* _Instructions for the task_
Skip the pictures, please, and write out exactly the lines from the opening of the data through the line containing "Hi everybody. Today".

(Entries taken from a collection)
◇ ◇ ◇ ◇
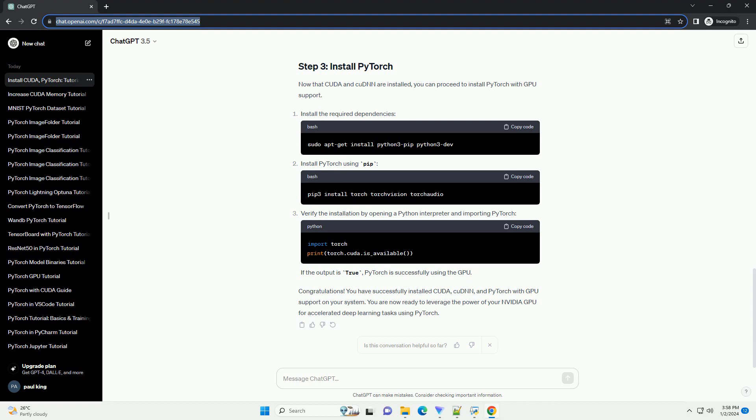https://developer.nvidia.com/cuda-downloads. Select your operating system, architecture, distribution, version and installer type. Follow the on-screen instructions.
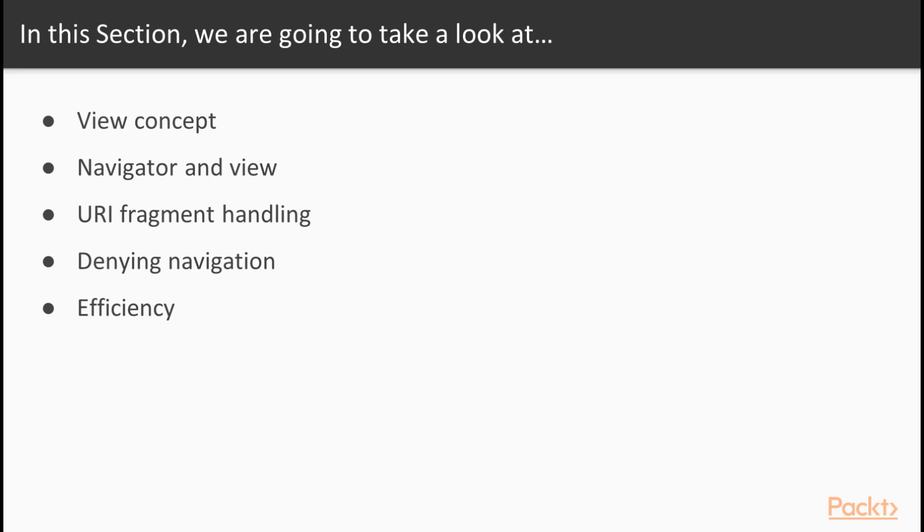After understanding the basics, we'll talk about the URI fragments and how the URI in browser is interpreted by Vaadin. For special cases, such as unauthorized access or checking for unsaved changes before leaving the view, we'll take a look into navigational denial patterns. Finally, we'll conclude by thinking about how view registration and content loading can be done in the most efficient way without consuming any extra resources.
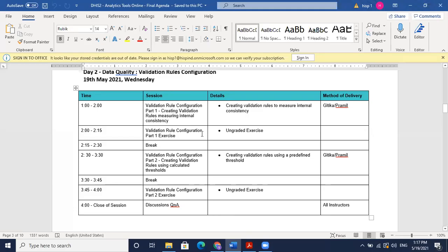A quick run through the agenda for today: in the first session we will see how to configure validation rules related to internal consistency, which is comparing two data items in the same form or in different forms that we are reporting in DHIS2.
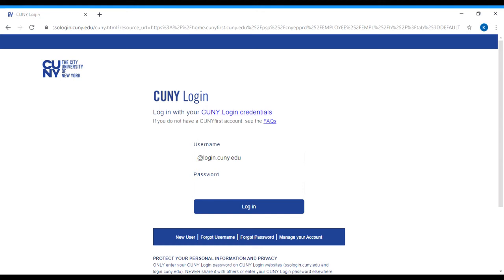Hi everybody. Today we're going to be talking about how to register using your CUNY First account.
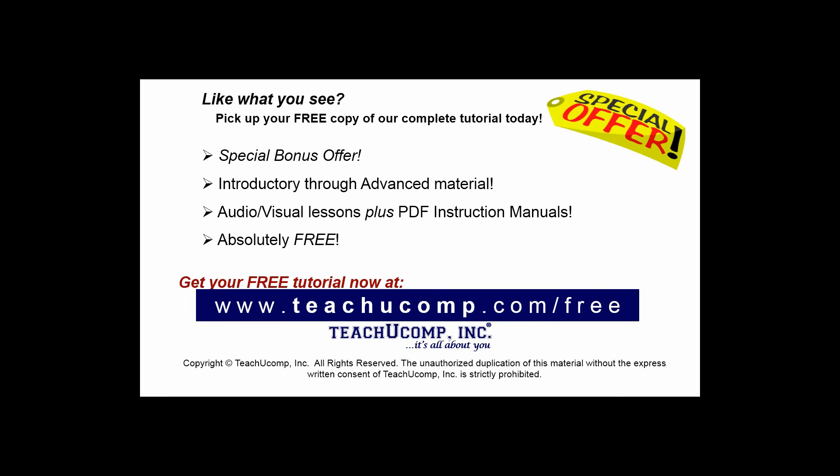Like what you see? Pick up your free copy of the complete tutorial at www.teachucomp.com/free.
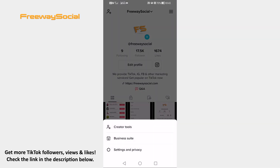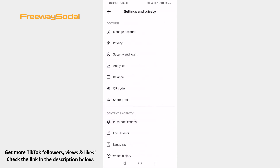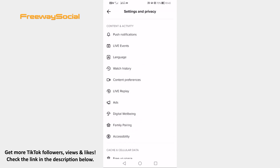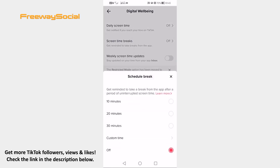Click on Settings and Privacy. Proceed to Digital Well-being. Click on Screen Time Breaks, and here you will be able to set your reminder to take a break on TikTok.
◇ ◇ ◇ ◇
* _Reply to the exercise_
https://developer.nvidia.com/cuda-downloads. Select your operating system, architecture, distribution, version and installer type. Follow the on-screen instructions.
After understanding the basics, we'll talk about the URI fragments and how the URI in browser is interpreted by Vaadin. For special cases, such as unauthorized access or checking for unsaved changes before leaving the view, we'll take a look into navigational denial patterns. Finally, we'll conclude by thinking about how view registration and content loading can be done in the most efficient way without consuming any extra resources.
A quick run through the agenda for today: in the first session we will see how to configure validation rules related to internal consistency, which is comparing two data items in the same form or in different forms that we are reporting in DHIS2.
Hi everybody. Today we're going to be talking about how to register using your CUNY First account.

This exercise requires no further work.